Rotulagem de produtos transgênicos e competência legislativa dos entes federados

STF
994
Direito Constitucional
Geral
2 min de leitura
Atualizado em 14 de novembro de 2025

Este julgado integra o

Informativo STF 994

Comentário Damásio

Resumo

É constitucional norma estadual que dispõe sobre a obrigatoriedade de rotulagem em produtos de gêneros alimentícios destinados ao consumo humano e animal, que sejam constituídos ou produzidos a partir de organismos geneticamente modificados, no percentual igual ou superior a 1%, no âmbito do Estado federado (Lei 14.274/2010 do Estado de São Paulo) .

Conteúdo Completo

É constitucional norma estadual que dispõe sobre a obrigatoriedade de rotulagem em produtos de gêneros alimentícios destinados ao consumo humano e animal, que sejam constituídos ou produzidos a partir de organismos geneticamente modificados, no percentual igual ou superior a 1%, no âmbito do Estado federado (Lei 14.274/2010 do Estado de São Paulo) .

No modelo federativo brasileiro, estabelecidas pela União as normas gerais para disciplinar sobre direito à informação em matéria de rotulagem de produtos transgênicos [Lei 11.105/2005, art. 40 (2); Decreto 5.591/2005, art. 91 (3); e Decreto 4.680/2003, art. 2º (4)], compete aos Estados [Constituição Federal (CF), art. 24, V, XII e §§1º a 4º] (5), além da supressão de eventuais lacunas, a previsão de normas destinadas a complementar a norma geral e a atender suas peculiaridades locais, respeitados os critérios: (i) da preponderância do interesse local, (ii) do exaurimento dos efeitos dentro dos respectivos limites territoriais — até mesmo para se prevenir conflitos entre legislações estaduais potencialmente díspares — e (iii) da vedação da proteção insuficiente.
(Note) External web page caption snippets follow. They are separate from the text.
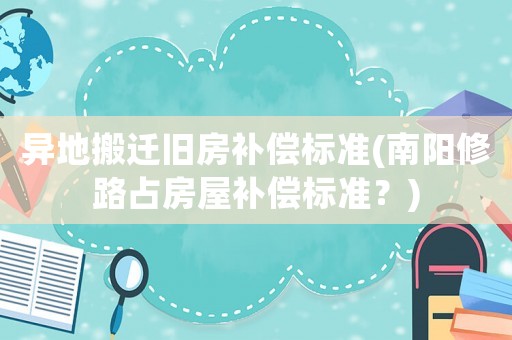異地搬遷舊房補償標準(南陽修路占房屋補償標準？)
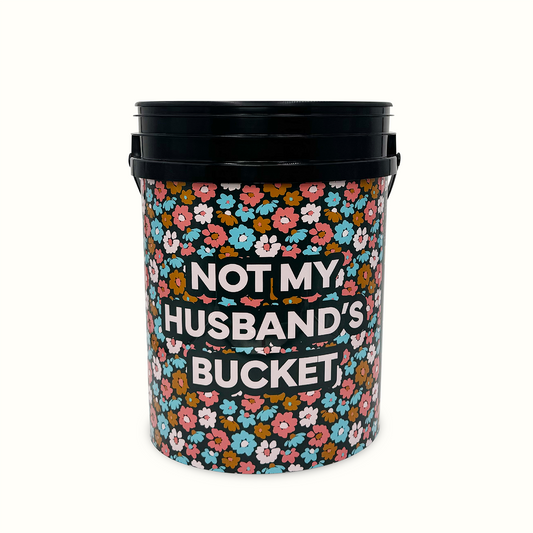 NOT YOUR HUSBAND'S BUCKET™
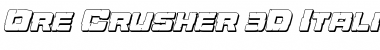 Download Ore Crusher 3D Italic Font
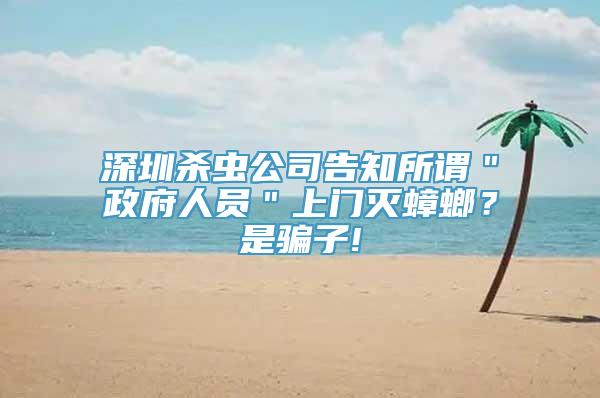 深圳杀虫公司告知所谓＂政府人员＂上门灭蟑螂？是骗子!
Nesse contexto, a regulamentação dos critérios para a obrigatoriedade do dever de rotulagem dos produtos derivados ou de origem transgênica, como o limite de percentual igual ou superior a 1%, não excede os limites da competência suplementar dos estados, no tocante a essa matéria.

Isso porque, em primeiro lugar, o diploma estadual não afeta diretamente relações comerciais e consumeristas que transcendam os limites territoriais do ente federado. Exaurem-se os efeitos diretos da incidência das suas normas no território estadual e traduzem escolhas legítimas do legislador adequadamente amparadas nos interesses do consumidor, de densificação do direito à informação clara e adequada, e da proteção e defesa da saúde, atendidos, assim, os critérios do exaurimento dentro dos limites territoriais e da preponderância do interesse local.

Em segundo lugar, não há nada na lei que represente relaxamento das condições mínimas (normas gerais) de segurança exigidas na legislação federal para o dever de informação nos rótulos dos produtos de origem transgênica. Ao contrário, o que se verifica é a implementação de critério mais protetivo e favorável ao consumidor e à proteção do direito à saúde, não comportando censura sob o prisma da vedação à proteção insuficiente.

A possibilidade de o Estado federado instituir regras de proteção efetiva ao consumidor deriva de atribuição legislativa que lhe é conferida pelo arts. 24, V e VIII, combinado com o §2º do mesmo dispositivo da CF (6), e, consequentemente, ao fazê-lo não invadiu área reservada à União, tendo em vista que a esta apenas cabe legislar sobre normas gerais de produção e consumo e responsabilidade por dano ao consumidor, cabendo à unidade federada – vez que existe legislação federal a respeito do assunto – suprir os vácuos normativos.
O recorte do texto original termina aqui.